# [Instructions to follow]
Write out exactly, with both ends included, the lines that run from the line containing "Thaïlande election 2007plan" to the end of the entries. Pictures are not part of the answer.

# [Entries shown]
*** Begin section ***

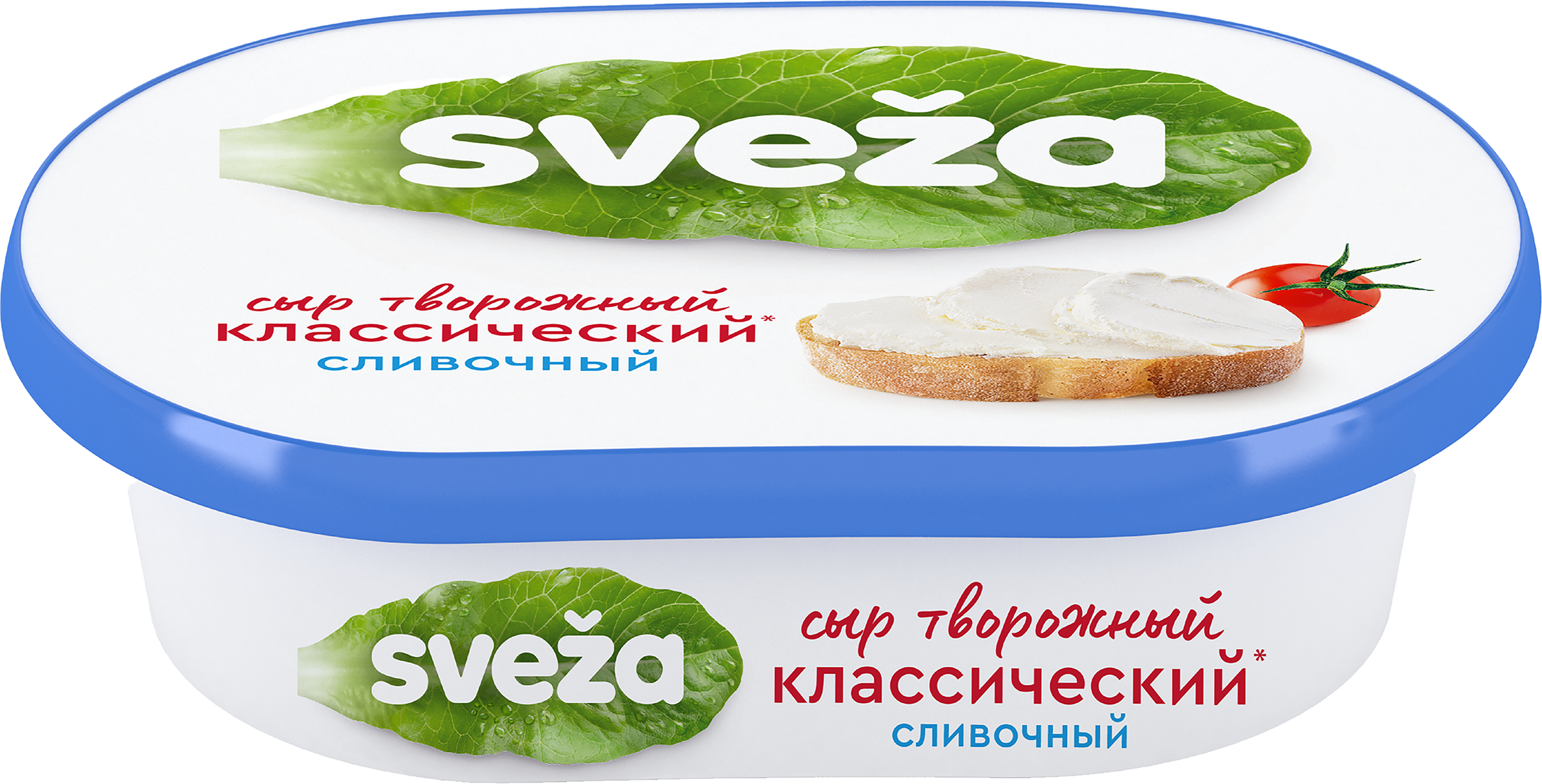 Изображение товара Сыр творожный SVEZA сливочный 60% 150г нарезанный, натуральный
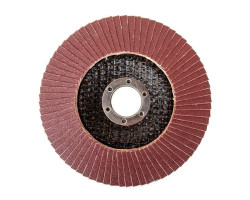 Диск шлифовальный лепестковый 125x22мм, зерно K120 INTERTOOL BT-0212-foto2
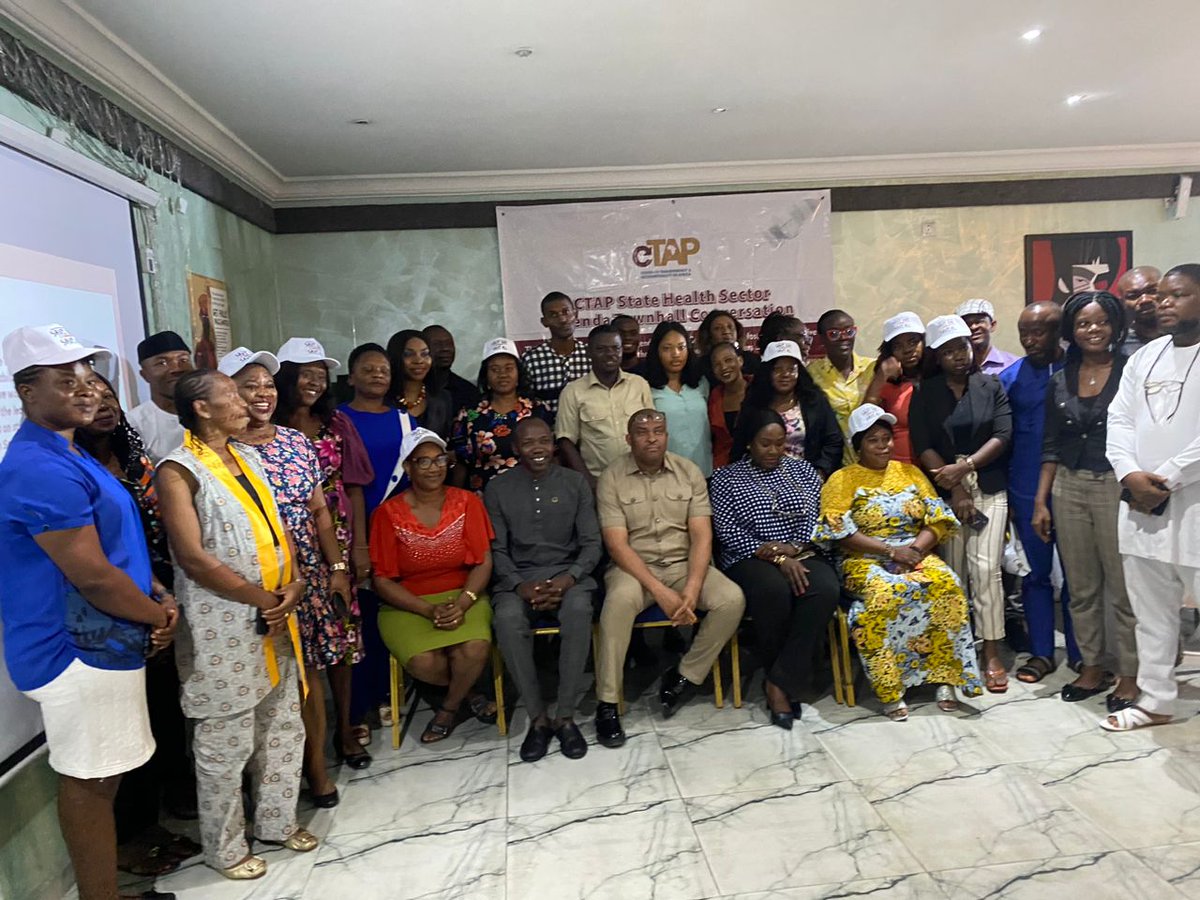 Noble_Bekah's tweet photo. Happy to announce @DEANinitiative's successful hosting of the #CTAP Rivers State Health Sector Agenda Townhall Conversation with the Executive Secretary and his team representing the Hon. Commission of @rivers_phcmb.
@Connected_dev
@BudgITng
#SaveOneSaveAll https://t.co/lGTt4bQCS5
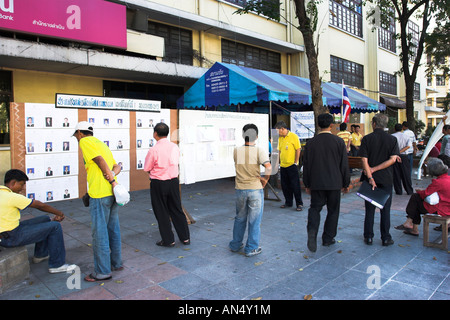 Thaïlande election 2007plan du Banque D'Images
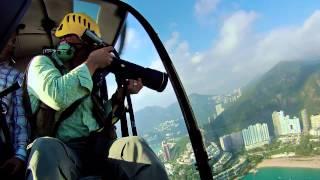 Kid's Ocean Day Aerial Photography, Hong Kong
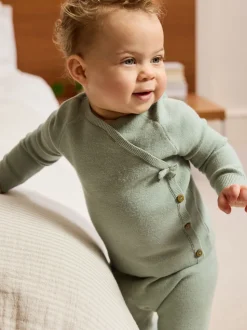 vert - Pull et Leggings en maille bébé Ensemble 2 pièces (0mois-2ans)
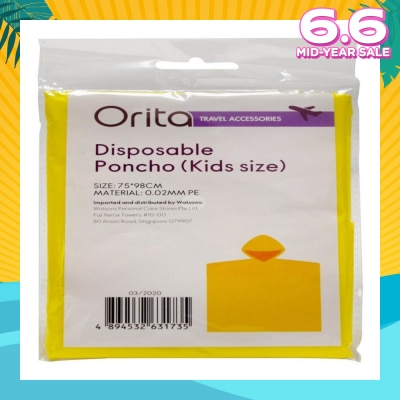 ORITA Orita Disposable Poncho Kids 1s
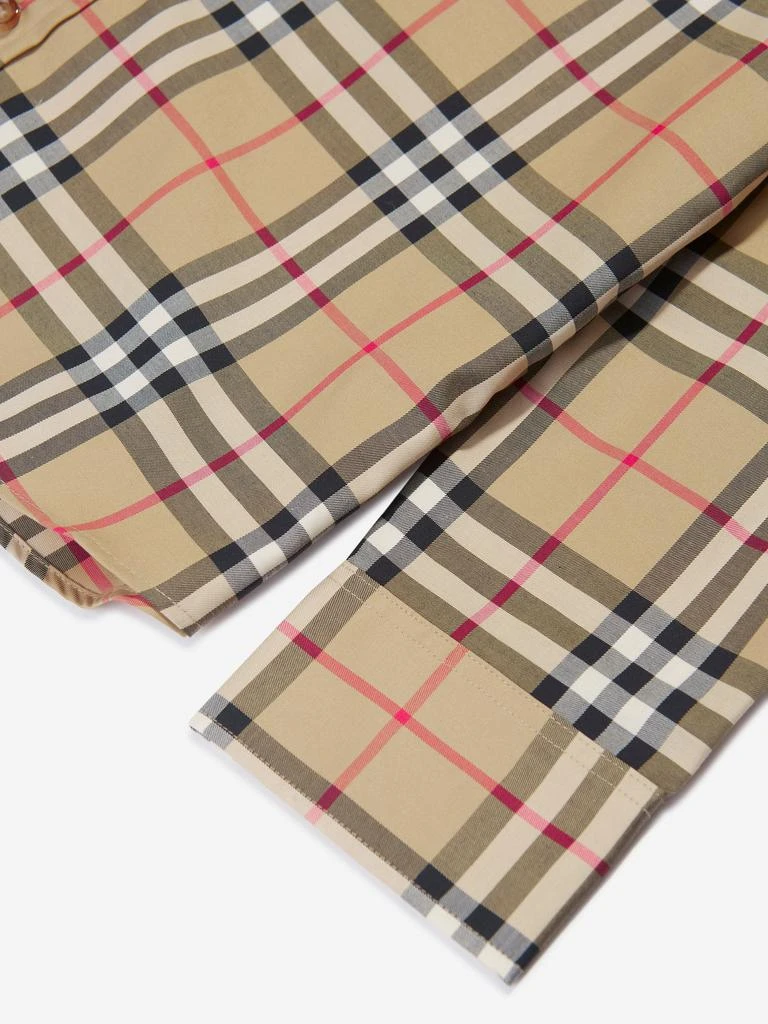 商品Burberry|Burberry Boys Owen Long Sleeve Check Shirt in Beige,价格¥2060,第4张图片详细描述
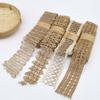 Woven DIY Scrapbook Home Ornament Lace Wedding Party Supplies Burlap Roll Jute Ribbon Hemp Rope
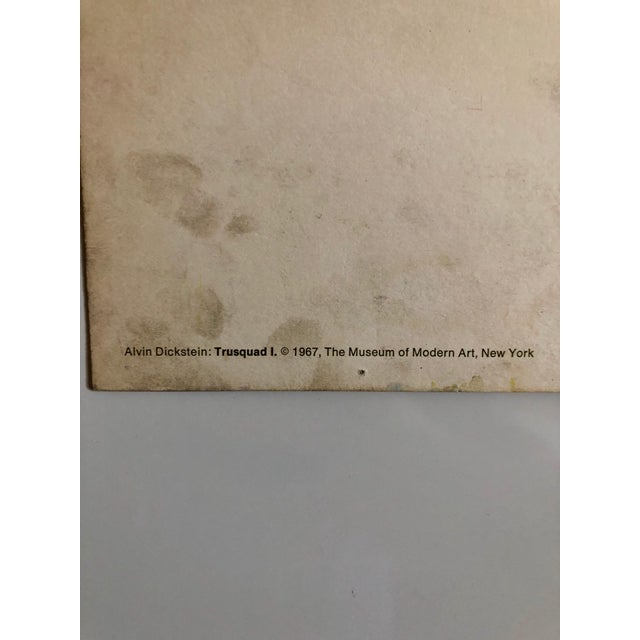 Abstract Alvin Dickstein, 1967 Abstract Geometric Expressionist NYC MoMA Silkscreen Card, Stable Gallery, 1967 For Sale - Image 3 of 4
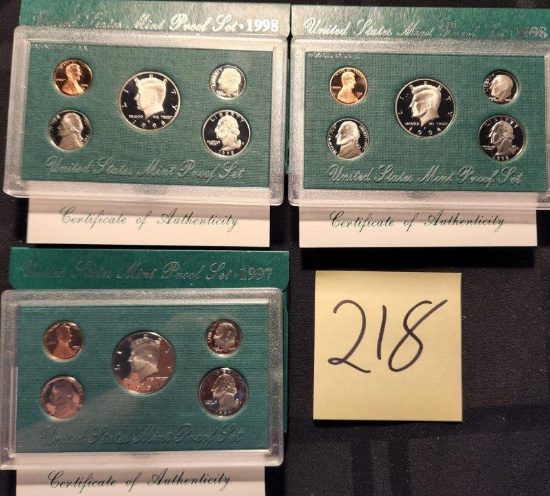 3 U.S. Mint Proof Sets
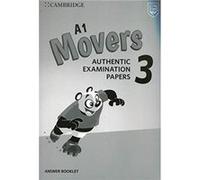 A1 Movers 3 Answer Booklet Cambridge University Press (Auteur)
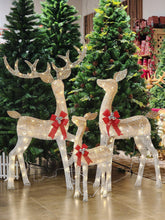 TRIO DE RENAS ARAMADA BRANCA COM CHAMPANHE WARM USO INTERNO E EXTERNO BIVOLT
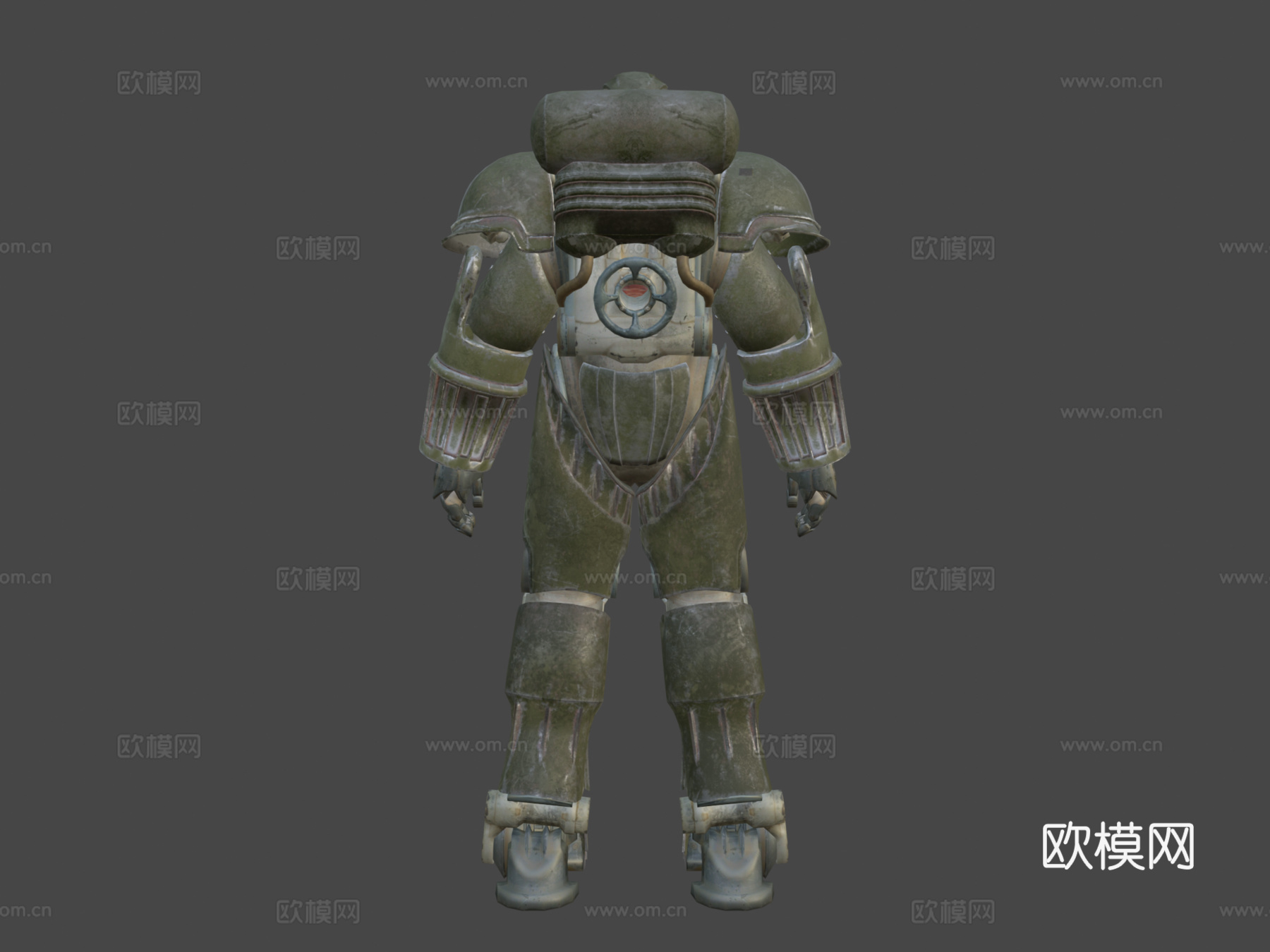 辐射T47空军动力装甲3d模型下载（渲染图7）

*** End section ***

# [Exercise solution]
 Thaïlande election 2007plan du Banque D'Images
 Kid's Ocean Day Aerial Photography, Hong Kong
 vert - Pull et Leggings en maille bébé Ensemble 2 pièces (0mois-2ans)
 ORITA Orita Disposable Poncho Kids 1s
 商品Burberry|Burberry Boys Owen Long Sleeve Check Shirt in Beige,价格¥2060,第4张图片详细描述
 Woven DIY Scrapbook Home Ornament Lace Wedding Party Supplies Burlap Roll Jute Ribbon Hemp Rope
 Abstract Alvin Dickstein, 1967 Abstract Geometric Expressionist NYC MoMA Silkscreen Card, Stable Gallery, 1967 For Sale - Image 3 of 4
 3 U.S. Mint Proof Sets
 A1 Movers 3 Answer Booklet Cambridge University Press (Auteur)
 TRIO DE RENAS ARAMADA BRANCA COM CHAMPANHE WARM USO INTERNO E EXTERNO BIVOLT
 辐射T47空军动力装甲3d模型下载（渲染图7）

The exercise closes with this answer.